## Task goal
Repeat the listing below exactly. Pictures do not belong in the copy.

--- Recorded data Enclosed Below ---

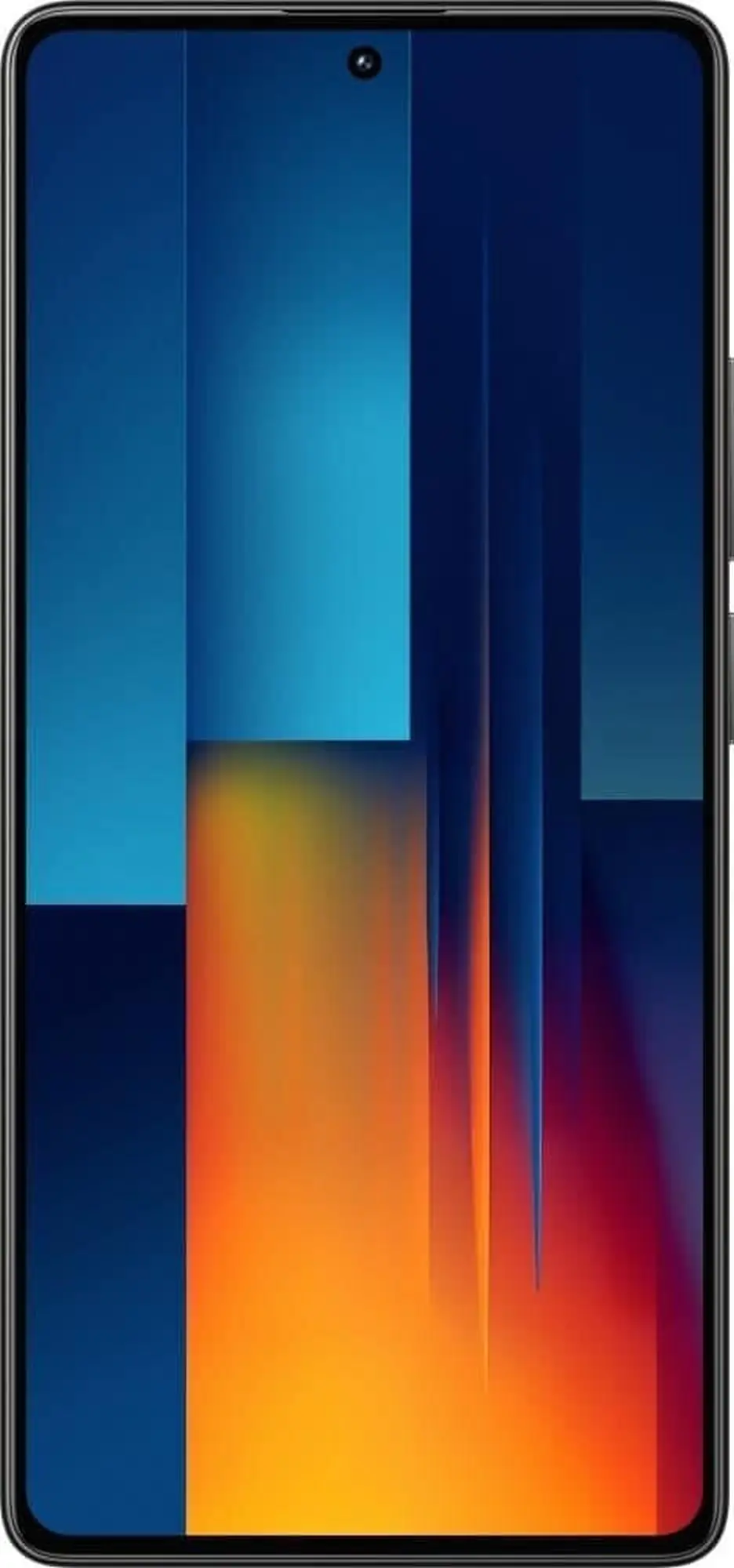 Xiaomi Poco M6 Pro 3 Xiaomi Poco M6 Pro schwarz
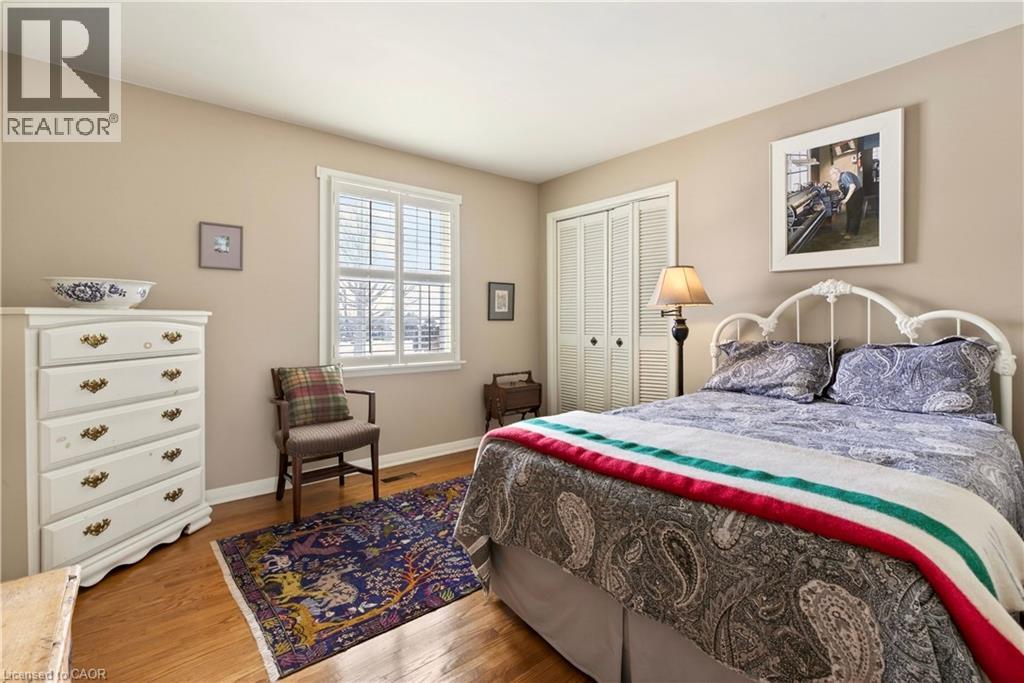 136 Highway 8, Dundas, Ontario  L9H 4V5 - Photo 21 - 40804917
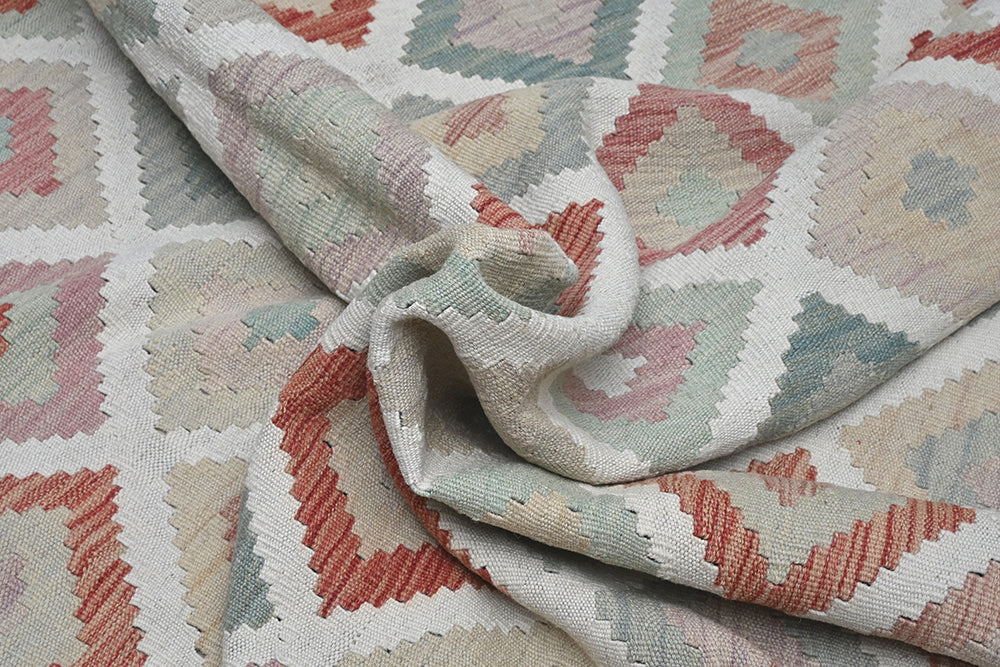 Kelim Multi Rug PC 57172 - 3.00m X 1.96m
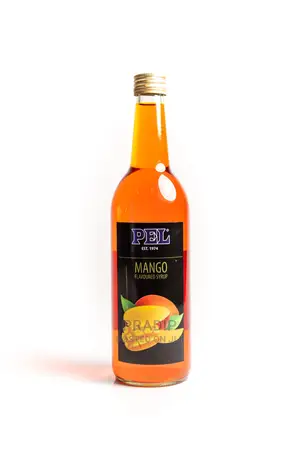 Mango Syrup -750ml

--- End of Enclosed Recorded data ---

## Answer section
 Xiaomi Poco M6 Pro 3 Xiaomi Poco M6 Pro schwarz
 136 Highway 8, Dundas, Ontario  L9H 4V5 - Photo 21 - 40804917
 Kelim Multi Rug PC 57172 - 3.00m X 1.96m
 Mango Syrup -750ml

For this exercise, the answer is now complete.